As part of my work with the Everyday Sexism Project, I originally started the #wheniwas hashtag in 2016, partly in defiance of those who claim that street harassment is a “compliment” that women should simply accept gratefully. It makes me deeply angry to hear street harassment dismissed as “harmless banter”, when I know from the thousands of girls who have contacted me that it often starts at the age of seven or eight, intensifies when girls are in their school uniform and can make them feel terrified, threatened and violated.
The hashtag was revived in the wake of a new report from Plan International UK, which, this week, revealed that one in three girls in the UK has been sexually harassed in public when wearing a school uniform, and that two-thirds have experienced unwanted sexual attention in public. Particularly shocking was the survey’s revelation that 35% of girls reported receiving unwanted sexual contact, such as being touched, groped or grabbed. In other words, we live in a society where more than a third of girls experience what could be defined as sexual assault under UK law in public spaces.
Yet still, people reacted to the survey by suggesting that it sounded like an exaggeration. Still, people tell us we need to stop making a fuss. Still, those who dare to object to various forms of harassment find themselves splashed across the front pages, branded "feminazis" or accused of overreacting. Still, we are told, by no less a man than the president of the United States, that “women are doing great” and it is young men who are facing “a very scary time”, as those women who have been hurt, damaged or abused tentatively start to come forward and tell their stories.

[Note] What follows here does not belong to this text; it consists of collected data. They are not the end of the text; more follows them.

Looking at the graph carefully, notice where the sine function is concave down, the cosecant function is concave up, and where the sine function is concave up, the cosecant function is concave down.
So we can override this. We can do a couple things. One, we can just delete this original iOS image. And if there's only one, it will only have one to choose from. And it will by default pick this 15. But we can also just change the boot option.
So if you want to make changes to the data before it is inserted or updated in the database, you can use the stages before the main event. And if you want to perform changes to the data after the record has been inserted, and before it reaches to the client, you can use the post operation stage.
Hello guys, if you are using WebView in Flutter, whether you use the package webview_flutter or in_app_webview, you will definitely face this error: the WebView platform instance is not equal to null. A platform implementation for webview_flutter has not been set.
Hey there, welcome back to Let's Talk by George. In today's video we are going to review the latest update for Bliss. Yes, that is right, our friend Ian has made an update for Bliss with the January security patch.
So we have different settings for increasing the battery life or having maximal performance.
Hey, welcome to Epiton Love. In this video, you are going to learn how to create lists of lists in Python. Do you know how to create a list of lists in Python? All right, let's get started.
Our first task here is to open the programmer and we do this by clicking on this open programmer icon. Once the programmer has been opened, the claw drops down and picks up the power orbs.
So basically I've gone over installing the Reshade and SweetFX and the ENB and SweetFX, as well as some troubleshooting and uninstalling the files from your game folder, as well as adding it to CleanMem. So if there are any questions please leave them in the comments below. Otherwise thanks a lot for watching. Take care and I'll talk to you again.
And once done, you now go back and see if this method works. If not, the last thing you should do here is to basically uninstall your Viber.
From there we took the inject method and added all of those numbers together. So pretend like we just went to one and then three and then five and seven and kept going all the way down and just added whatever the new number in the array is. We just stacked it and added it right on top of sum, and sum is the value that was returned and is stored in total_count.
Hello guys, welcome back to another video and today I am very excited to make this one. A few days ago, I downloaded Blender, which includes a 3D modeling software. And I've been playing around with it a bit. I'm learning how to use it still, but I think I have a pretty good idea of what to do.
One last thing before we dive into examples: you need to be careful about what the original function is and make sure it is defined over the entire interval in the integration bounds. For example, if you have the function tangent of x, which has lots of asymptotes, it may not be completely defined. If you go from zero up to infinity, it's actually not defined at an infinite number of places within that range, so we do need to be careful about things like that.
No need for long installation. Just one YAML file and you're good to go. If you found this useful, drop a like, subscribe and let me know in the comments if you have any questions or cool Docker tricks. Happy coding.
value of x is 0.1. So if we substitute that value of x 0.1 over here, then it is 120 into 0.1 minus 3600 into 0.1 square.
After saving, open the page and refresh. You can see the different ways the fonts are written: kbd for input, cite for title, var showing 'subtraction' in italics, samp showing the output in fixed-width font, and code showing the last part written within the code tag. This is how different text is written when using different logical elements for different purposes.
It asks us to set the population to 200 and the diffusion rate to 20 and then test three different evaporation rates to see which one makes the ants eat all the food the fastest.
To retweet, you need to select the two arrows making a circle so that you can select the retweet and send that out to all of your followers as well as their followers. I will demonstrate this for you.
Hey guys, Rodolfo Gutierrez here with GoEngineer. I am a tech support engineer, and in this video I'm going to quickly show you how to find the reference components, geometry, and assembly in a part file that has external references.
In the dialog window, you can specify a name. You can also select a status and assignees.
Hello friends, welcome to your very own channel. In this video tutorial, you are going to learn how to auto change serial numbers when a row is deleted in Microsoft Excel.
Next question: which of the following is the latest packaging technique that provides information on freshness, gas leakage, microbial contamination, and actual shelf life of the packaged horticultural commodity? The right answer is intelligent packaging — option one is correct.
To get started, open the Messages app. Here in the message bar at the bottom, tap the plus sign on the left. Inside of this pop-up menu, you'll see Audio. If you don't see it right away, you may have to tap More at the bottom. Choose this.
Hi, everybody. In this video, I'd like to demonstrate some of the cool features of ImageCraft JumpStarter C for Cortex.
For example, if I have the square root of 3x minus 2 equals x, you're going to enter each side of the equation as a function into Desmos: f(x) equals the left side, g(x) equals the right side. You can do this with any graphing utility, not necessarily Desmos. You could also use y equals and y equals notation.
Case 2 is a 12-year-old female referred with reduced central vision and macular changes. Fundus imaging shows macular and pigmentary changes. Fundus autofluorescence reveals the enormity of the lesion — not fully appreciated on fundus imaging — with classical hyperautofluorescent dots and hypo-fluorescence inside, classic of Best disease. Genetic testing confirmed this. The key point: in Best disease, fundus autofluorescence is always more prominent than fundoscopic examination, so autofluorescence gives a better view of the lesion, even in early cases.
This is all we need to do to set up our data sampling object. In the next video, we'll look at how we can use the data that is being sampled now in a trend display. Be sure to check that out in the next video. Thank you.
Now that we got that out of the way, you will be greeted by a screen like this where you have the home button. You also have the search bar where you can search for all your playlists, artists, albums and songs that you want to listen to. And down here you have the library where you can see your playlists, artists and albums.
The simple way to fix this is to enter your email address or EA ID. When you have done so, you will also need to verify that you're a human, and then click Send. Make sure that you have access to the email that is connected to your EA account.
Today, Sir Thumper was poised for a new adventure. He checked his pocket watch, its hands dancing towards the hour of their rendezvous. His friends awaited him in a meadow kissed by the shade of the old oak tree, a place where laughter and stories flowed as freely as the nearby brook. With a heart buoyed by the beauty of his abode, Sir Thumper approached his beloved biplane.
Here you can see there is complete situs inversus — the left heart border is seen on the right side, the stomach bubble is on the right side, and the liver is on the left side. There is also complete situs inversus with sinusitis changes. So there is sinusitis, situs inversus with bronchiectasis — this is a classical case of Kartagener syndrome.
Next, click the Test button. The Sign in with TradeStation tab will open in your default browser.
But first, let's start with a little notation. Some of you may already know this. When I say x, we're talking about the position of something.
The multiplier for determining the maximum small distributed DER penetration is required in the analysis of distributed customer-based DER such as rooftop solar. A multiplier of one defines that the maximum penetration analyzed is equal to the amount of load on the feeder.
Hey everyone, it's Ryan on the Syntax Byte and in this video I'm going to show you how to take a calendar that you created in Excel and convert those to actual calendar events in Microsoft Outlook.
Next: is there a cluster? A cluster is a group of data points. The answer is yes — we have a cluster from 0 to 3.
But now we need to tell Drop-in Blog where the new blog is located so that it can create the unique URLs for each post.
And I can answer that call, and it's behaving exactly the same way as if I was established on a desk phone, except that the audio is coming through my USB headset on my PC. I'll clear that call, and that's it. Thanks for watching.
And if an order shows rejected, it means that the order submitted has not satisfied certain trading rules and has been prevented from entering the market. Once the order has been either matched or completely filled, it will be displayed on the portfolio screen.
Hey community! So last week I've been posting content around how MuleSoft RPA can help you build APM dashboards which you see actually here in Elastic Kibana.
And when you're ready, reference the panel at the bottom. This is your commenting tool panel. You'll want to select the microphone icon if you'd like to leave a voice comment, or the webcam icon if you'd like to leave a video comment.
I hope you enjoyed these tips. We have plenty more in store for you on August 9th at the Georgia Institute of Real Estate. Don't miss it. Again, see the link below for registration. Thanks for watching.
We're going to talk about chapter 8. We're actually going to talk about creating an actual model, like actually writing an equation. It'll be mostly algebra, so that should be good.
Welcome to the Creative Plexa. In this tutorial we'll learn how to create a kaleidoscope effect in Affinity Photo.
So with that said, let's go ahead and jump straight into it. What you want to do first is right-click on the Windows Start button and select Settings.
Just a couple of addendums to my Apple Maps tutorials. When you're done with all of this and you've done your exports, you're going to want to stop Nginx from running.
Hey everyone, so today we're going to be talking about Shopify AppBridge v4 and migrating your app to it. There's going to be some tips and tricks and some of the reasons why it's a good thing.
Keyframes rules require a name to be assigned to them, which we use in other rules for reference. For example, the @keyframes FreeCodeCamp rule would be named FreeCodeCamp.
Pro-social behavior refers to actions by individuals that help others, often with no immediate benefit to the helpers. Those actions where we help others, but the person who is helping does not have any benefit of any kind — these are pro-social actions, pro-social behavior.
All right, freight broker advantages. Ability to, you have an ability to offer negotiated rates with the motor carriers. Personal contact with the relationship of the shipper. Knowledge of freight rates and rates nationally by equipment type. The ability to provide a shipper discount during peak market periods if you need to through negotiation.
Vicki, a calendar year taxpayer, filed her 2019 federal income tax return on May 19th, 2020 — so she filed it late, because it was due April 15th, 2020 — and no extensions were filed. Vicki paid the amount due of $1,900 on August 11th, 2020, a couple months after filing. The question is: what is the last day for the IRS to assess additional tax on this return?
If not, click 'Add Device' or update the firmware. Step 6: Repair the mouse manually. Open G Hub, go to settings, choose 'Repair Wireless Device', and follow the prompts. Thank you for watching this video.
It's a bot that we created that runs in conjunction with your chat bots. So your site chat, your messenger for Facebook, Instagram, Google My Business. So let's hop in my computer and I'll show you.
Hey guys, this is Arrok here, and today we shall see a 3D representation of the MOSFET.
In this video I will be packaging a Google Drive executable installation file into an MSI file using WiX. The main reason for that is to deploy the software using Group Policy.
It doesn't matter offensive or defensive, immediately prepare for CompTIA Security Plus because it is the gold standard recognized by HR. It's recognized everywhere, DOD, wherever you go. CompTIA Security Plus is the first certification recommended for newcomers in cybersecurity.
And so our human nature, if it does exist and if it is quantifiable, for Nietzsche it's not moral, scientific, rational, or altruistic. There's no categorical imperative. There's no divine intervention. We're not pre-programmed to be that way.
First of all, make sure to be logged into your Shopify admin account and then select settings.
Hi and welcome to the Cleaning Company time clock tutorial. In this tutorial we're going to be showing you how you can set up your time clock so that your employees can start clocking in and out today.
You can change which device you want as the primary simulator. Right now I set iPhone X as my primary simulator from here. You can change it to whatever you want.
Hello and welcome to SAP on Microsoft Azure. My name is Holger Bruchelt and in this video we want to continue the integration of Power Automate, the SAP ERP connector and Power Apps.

People who flippantly dismiss sexual harassment as ‘harmless’ often have no idea that it is so severe, or starts so early
In the wake of Trump’s comments, the backlash against survivors who dare to speak out, and the mockery and death threats targeted at Christine Blasey Ford, it is unsurprising that many people said that they felt unable to share their own stories. For some, the pain of revisiting past experiences is too great. Others are understandably silenced by the fear of backlash and abuse. For still more, the idea that women should endlessly bare their trauma in order to prove their right to equal treatment is deeply problematic. All those women deserve our respect, belief and support. But so, too, do those who have chosen to speak out, for their own reasons, breaking the seal of stigma and shame and allowing others to feel that they, too, have the choice not to stay silent. It is a choice that has been withheld from millions of women for too long.
This was also about adult women speaking out on behalf of younger girls. Girls are often forced, shamed or scared into silence. People who flippantly dismiss sexual harassment as “harmless” often have no idea that it is so severe, or starts so early. By speaking out now, about earlier experiences, we hoped to support and protect those who might not be able to voice what they are going through today.
Focusing on early experiences reveals the deeply ingrained, insidious nature of the problem. When something happens at a very young age, it breeds normalisation and acceptance. Many of those who shared their stories described them as formative learning experiences. They learned never to take certain routes, not to wear certain items of clothing or simply to accept that their bodies would be treated as public property in future. In short, they learned to blame themselves. Many said that they had tried to speak out, only to be told that they should expect such behaviour or that they themselves had somehow caused it.
Is it any wonder that women later struggle to speak out about sexual violence? This is a deadly cycle – and it starts earlier than many people know.